■ **Supplied material**:
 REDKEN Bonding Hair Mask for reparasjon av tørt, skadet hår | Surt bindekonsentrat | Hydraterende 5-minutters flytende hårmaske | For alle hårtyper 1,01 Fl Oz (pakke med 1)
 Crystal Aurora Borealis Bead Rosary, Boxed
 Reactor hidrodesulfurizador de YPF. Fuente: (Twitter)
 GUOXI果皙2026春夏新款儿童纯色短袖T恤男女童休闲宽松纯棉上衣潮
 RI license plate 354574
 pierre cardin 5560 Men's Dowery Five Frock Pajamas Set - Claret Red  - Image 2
--
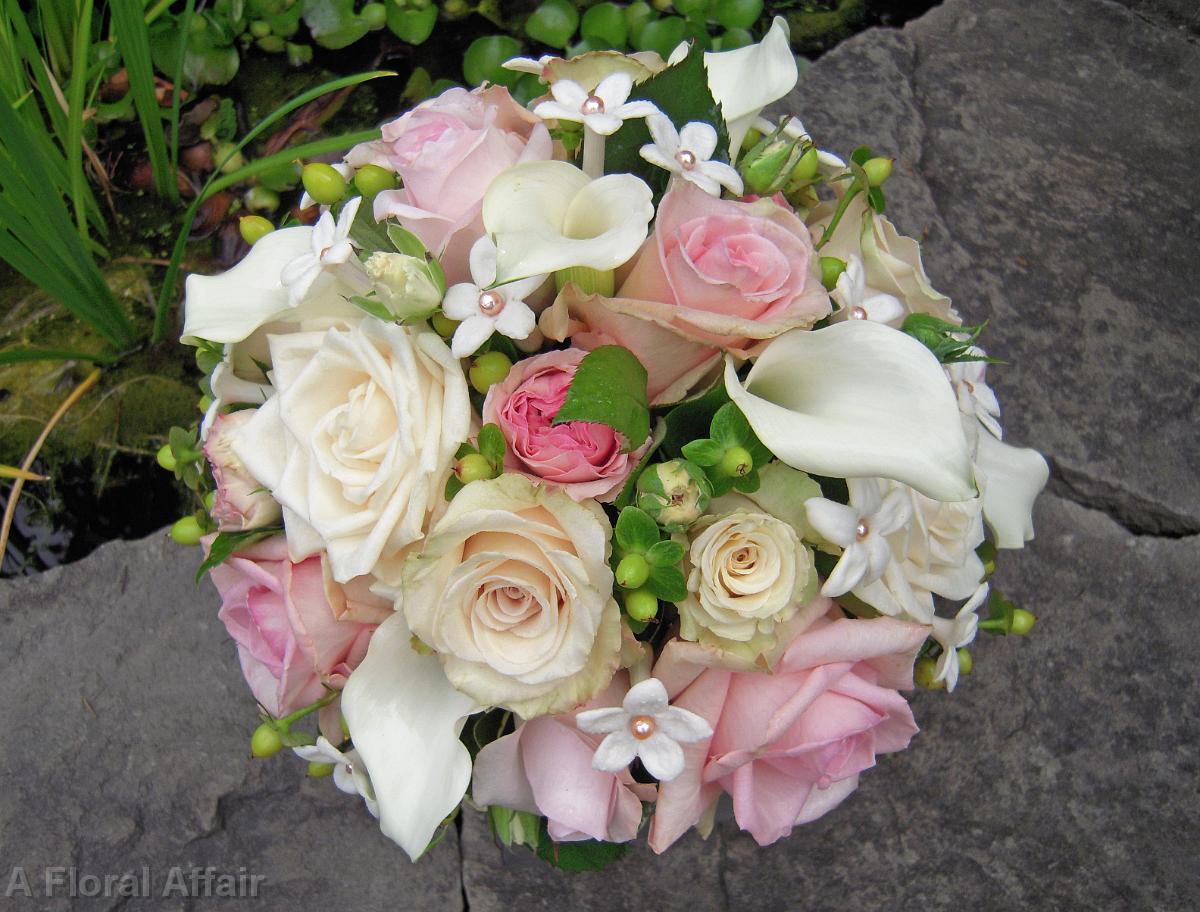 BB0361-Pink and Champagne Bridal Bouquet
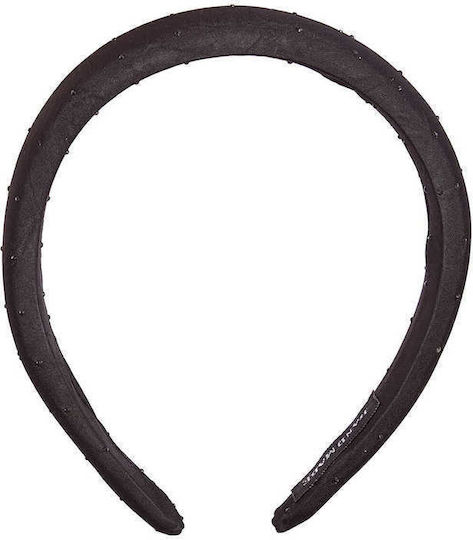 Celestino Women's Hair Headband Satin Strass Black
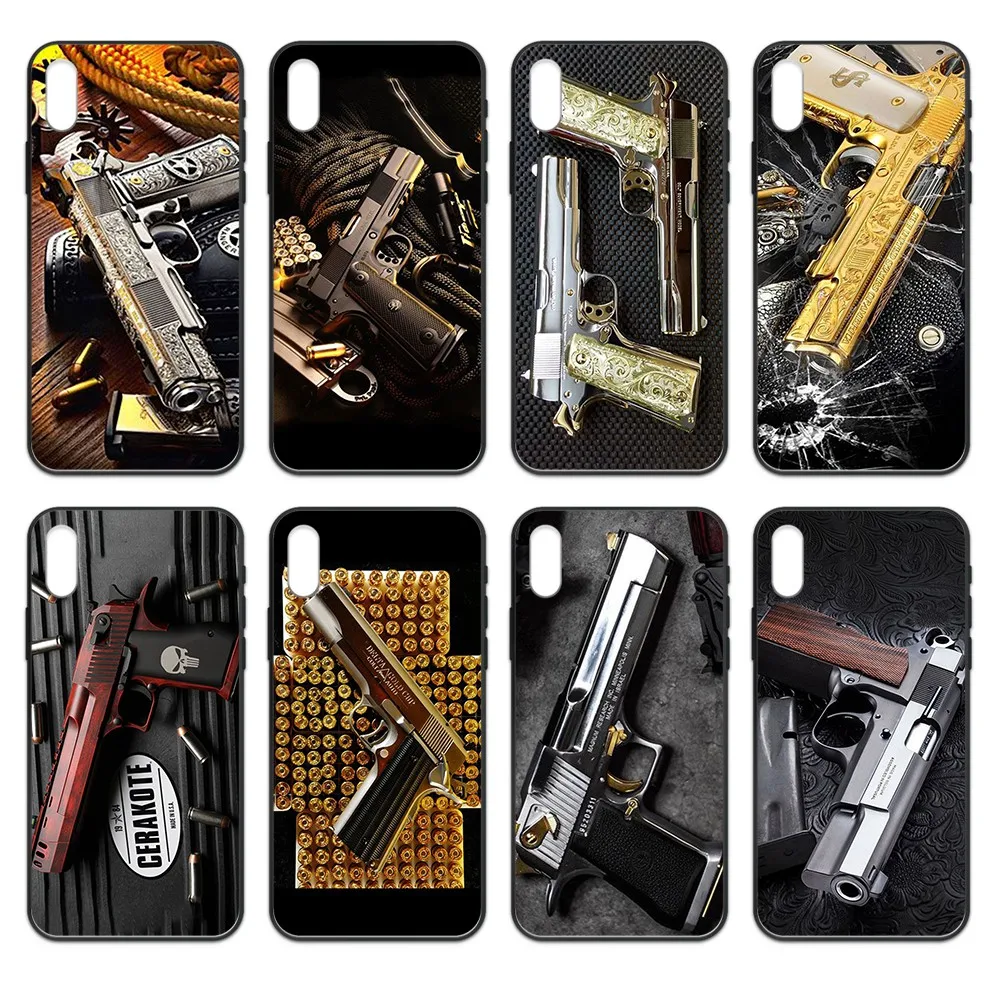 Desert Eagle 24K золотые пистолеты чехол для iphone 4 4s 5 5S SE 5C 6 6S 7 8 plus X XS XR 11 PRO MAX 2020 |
---
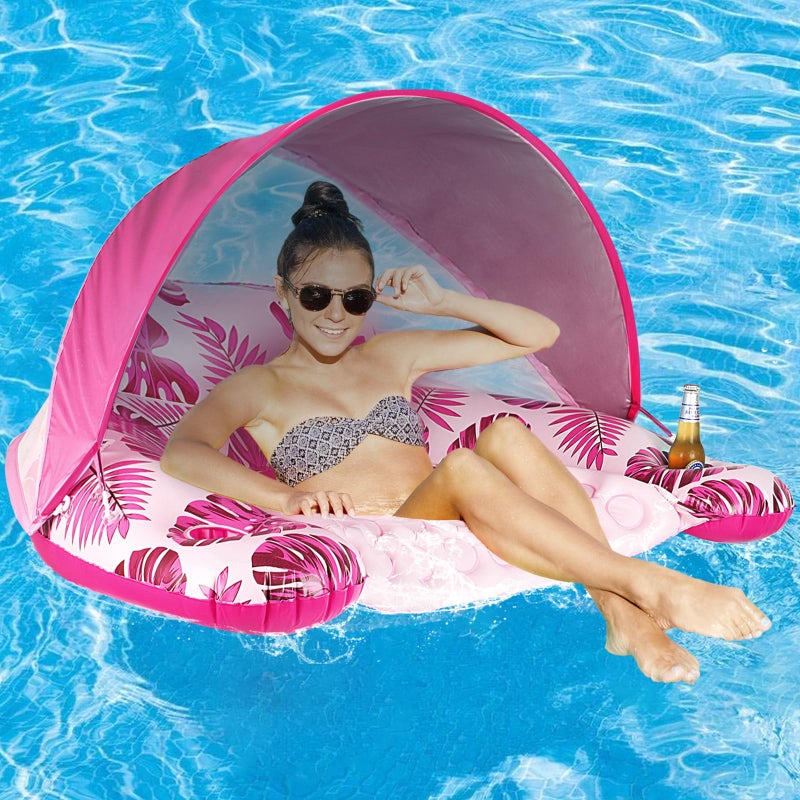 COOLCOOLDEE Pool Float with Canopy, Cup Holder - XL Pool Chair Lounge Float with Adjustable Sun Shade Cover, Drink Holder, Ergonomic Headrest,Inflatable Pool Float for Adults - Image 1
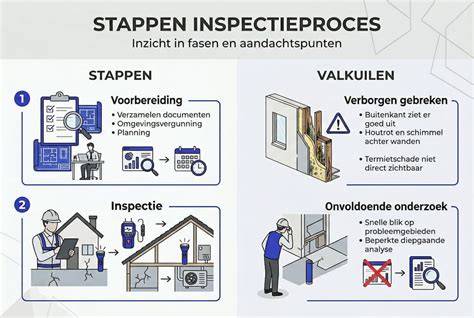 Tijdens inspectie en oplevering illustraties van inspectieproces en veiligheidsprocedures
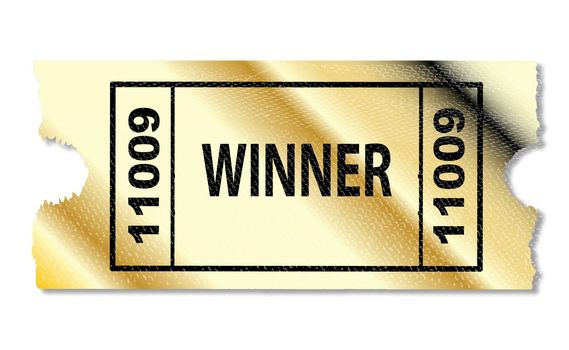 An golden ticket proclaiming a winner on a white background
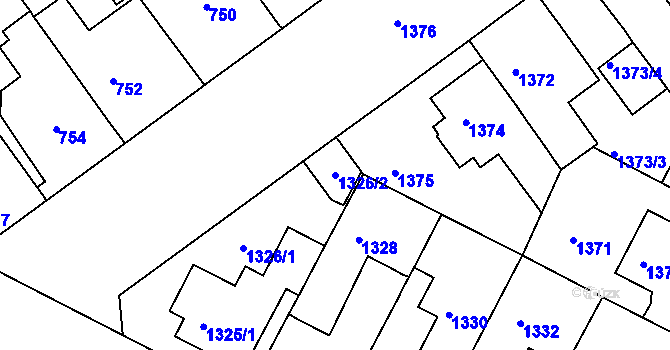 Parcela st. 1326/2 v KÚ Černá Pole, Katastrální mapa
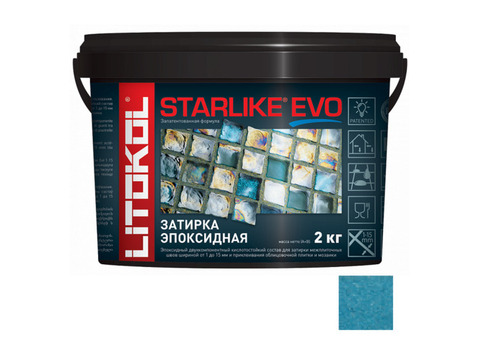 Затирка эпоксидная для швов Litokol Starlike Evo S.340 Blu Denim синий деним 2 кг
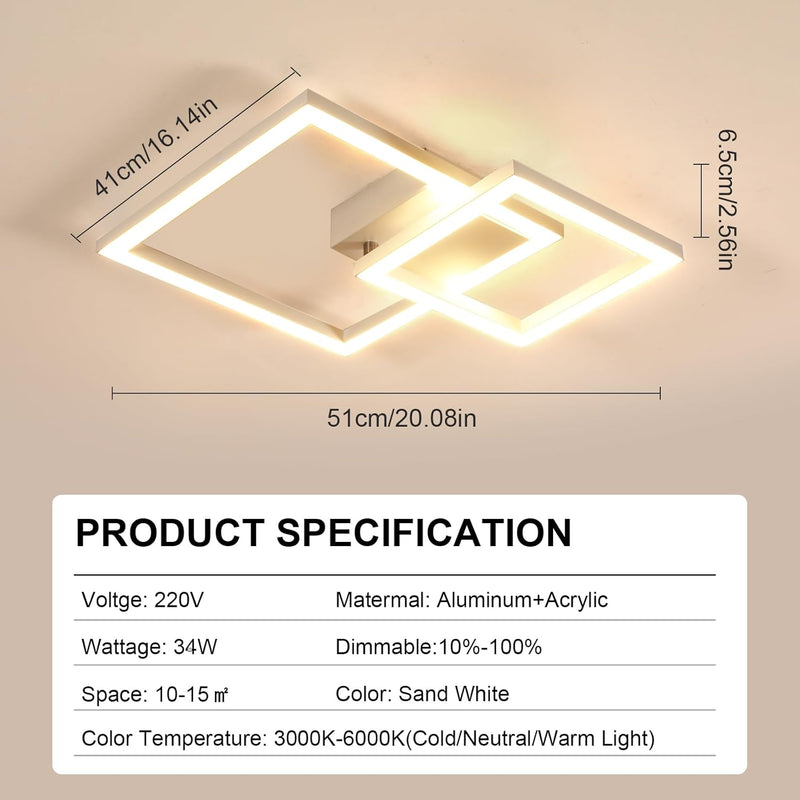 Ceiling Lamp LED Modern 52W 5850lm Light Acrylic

■ **Your instructions**:
Copy the entries above exactly, but only from the line holding "REDKEN Bonding Hair" through the line holding "Crystal Aurora Borealis Bead Rosary, Boxed", both included.

■ **Reply**:
 REDKEN Bonding Hair Mask for reparasjon av tørt, skadet hår | Surt bindekonsentrat | Hydraterende 5-minutters flytende hårmaske | For alle hårtyper 1,01 Fl Oz (pakke med 1)
 Crystal Aurora Borealis Bead Rosary, Boxed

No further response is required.